Audicula-I mit AKG K-141 Monitor
AUDICULA-I mit AKG K-141 Monitor

Dabei stellt sich die typische Detailpräzision beim Hören mit Kopfhörern ohne einen in die Höhe getriebenen Aufwand nicht ein: das breit aufgefächerte Informationsspektrum komplexer Musik erschließt sich erst durch ein souveränes Zusammenspiel von akustischem Potential von Schallwandler und elektronischem Leistungspotential seiner Versorgungsquelle - nicht alle, aber sehr viele interne Kopfhörerverstärker von HiFi-Komponenten verwenden billigste Bauteile und einfachste Schaltungstechnik, was häufig auch für viele der häufig verführerisch verpackten externen Modelle zutrifft.

Diese Überlegungen führten zum AUDICULA-I Voll-Röhren-Kopfhörermodul für Kopfhörersysteme mit dynamischem Wandlerprinzip und Treiberimpedanzen ab 300 Ohm.

Das Ziel war dabei, einen von Störspannungen freien, lupenreinen Class-A/Single-End Triodenklang auf meinen seit Jahren von mir heißgeliebten AKG-Kopfhörer, den geradezu klassischen supraauralen AKG-K141-Monitor zu übertragen. Das Schaltungsdesign des Verstärkers stellt dabei keine Neuerfindung der Röhrenelektronik dar, ist aber enigma-line-typisch frei von akustisch völlig nutzlosem (Stichwort: akustische Fata Morgana...) und somit auch überflüssigem Voodoo-MUMPITZ, ist konsequent auf hohem Niveau konzipiert und angemessen umgesetzt: transformatorlose, zweistufige Standard-Triodenschaltung ohne Gegenkopplung, ausgelagertes, großzügig dimensioniertes und komplett über Taster relaisgesteuertes Netzteil in aktueller Halbleitertechnik mit stabilisierter Heiz- und Anodenspannung sowie verzögertem Zuschalten der Röhrenhochspannung.
Für eine optimale Partnerschaft bringt der AKG K-141 Monitor alle notwendigen Voraussetzungen mit - es gibt diesen inzwischen aus der Produktpalette von AKG leider verschwundenen, legendären halboffenen Kopfhörer mit seinem unnachahmlichen Kult-Status schon seit den frühen neunziger Jahren des letzten Jahrhunderts.

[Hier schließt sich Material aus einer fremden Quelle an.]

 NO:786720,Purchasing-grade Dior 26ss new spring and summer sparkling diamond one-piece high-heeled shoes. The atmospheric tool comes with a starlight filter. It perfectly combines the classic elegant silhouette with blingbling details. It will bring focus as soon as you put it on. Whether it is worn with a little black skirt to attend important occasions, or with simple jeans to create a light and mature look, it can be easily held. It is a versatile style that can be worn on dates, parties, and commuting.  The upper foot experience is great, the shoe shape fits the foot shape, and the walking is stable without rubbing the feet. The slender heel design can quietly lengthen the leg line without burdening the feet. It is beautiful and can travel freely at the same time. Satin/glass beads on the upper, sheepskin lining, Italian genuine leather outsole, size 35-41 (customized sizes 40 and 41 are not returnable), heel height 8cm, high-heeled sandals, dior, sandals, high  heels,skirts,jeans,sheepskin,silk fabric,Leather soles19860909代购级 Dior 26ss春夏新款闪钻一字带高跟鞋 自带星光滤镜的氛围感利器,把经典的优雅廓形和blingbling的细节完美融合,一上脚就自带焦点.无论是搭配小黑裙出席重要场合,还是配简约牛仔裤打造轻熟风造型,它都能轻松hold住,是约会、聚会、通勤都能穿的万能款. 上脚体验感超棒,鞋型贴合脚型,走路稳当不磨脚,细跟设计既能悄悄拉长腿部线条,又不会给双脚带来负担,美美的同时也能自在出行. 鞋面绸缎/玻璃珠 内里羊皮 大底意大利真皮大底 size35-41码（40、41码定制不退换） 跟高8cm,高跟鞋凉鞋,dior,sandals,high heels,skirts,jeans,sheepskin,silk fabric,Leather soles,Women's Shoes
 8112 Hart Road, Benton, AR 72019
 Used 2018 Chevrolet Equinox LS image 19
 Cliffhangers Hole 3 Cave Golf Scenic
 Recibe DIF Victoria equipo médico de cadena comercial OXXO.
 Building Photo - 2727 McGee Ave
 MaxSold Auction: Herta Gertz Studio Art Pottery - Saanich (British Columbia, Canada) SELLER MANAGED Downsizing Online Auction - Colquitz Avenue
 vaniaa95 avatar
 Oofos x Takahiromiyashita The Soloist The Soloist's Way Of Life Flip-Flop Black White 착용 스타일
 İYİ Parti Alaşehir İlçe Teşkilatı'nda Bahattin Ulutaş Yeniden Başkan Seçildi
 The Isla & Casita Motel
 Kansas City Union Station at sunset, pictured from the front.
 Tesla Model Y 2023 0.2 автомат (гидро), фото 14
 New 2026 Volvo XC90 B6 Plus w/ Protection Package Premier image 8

Selbstverständlich kann der K-141 im Vergleich mit den kostspieligen und hochgezüchteten aktuellen dynamischen Kopfhörermodellen diverser Hersteller klanglich nicht mehr mithalten, da fehlen ganz einfach einige Jahre konsequenter Weiterentwicklung der Kopfhörerakustik - seine tonale Abstimmung und akustische Handschrift ist für meine Hörgewohnheiten durchaus immer noch akzeptabel.
Mit den Beyermodellen teilt der K141 Monitor die für das OTL-Schaltungsdesign wünschenswerte hochohmige Anschlussimpedanz, die eine beim Monitoring im Studiobetrieb häufig praktizierte Parallelschaltung mehrerer Kopfhörer ermöglicht - zusammen mit der typischen Frequenzlinearität hat dies den K141 Monitor zu dem am weitesten verbreiteten Kopfhörer in den Tonstudios der Welt gemacht.

enigma-line Audicula I, Detailansicht
AUDICULA-I Détailansicht von vorne; deutlich zu erkennen sind die 'long-plate' Anodenbleche der 6211-Doppeltriode
In zahllosen Hörsitzungen hat sich bestätigt, was anfänglich eher Wunschdenken gewesen ist: der geradlinige und grundehrliche AKG K141 Monitor, ein typischer Regiekopfhörer der nichts verschweigt und nichts beschönigt, läuft mit dem Röhrenverstärkermodul zu einer akustischen Hochform auf.
Für die nächsten Hörexperimente ist ein Zusammentreffen mit den relativ hochohmigen Top-Sennheisermodellen HD 650, HD 800 und dem neuen Beyerdynamik T1 geplant, die zwei Klinkenbuchsen bei einem meiner beiden Exemplare ermöglichen einen direkten A/B-Vergleich.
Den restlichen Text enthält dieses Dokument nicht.